The government bans imported furniture, including store fixtures and carpets. “That means buying from local manufacturers, often at a premium, or paying costly dispensation to the government [to allow imports],” Davies said.

Obtaining planning approval takes time and money. Furthermore, value-added and government withholding taxes tie up cash and increase costs, Davies says.

Endemic corruption has diverted sorely needed funds from infrastructure investment, whether for water and sewage or road improvement, and this neglect is evident even in such prosperous areas as the Lekki residential section of Lagos where the center is located. Shopping centers there are limited to “plazas” — two- or three-level buildings with limited parking and poorly designed shops, says Davies; there are no one-stop centers for shopping and entertainment.

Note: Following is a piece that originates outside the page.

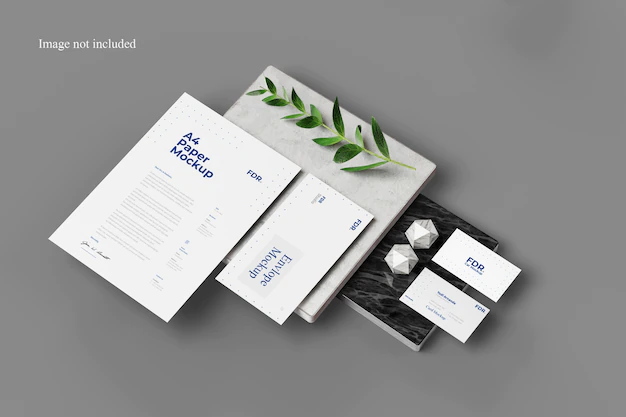 Free PSD | Perspective stationery mockup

Consequently, the Palms is something entirely new for Nigerians, says Brugman. He points out that Actis must assemble a management team that will not only maintain the center, but also help the locals get used to the environment.

Davies says he cannot discuss income profiles of the consumer base, because demographic information, though abundant in South Africa, remains scarce in Nigeria.

Even so, two anchor stores and a cinema company, all from South Africa, will lease space in the center, says Brugman. The cinema company, Nu Metro, has a large presence in its home country, he says. The Game Store, another powerhouse in South Africa, sells appliances, electronics and sporting goods, and Shoprite Holdings, Africa’s largest food retailer, will operate a supermarket.

Of the approximately 60 small stores planned for the Palms, most will be Nigerian, though some will be international. Nando’s, for example, a Portuguese-style, spicy chicken restaurant that was founded in South Africa but now has a presence in the United Kingdom, has expressed interest in leasing space, Davies says. Any South African center with three anchors would probably have more than 60 in-line tenants, but Nigeria has fewer retail chains, says Brugman.

In any case, this all promises a new era for retail in Nigeria. “It will raise the standard of retail here,” said Davies. “I expect once the Palms has opened, shopping centers will become the flavor of the day.”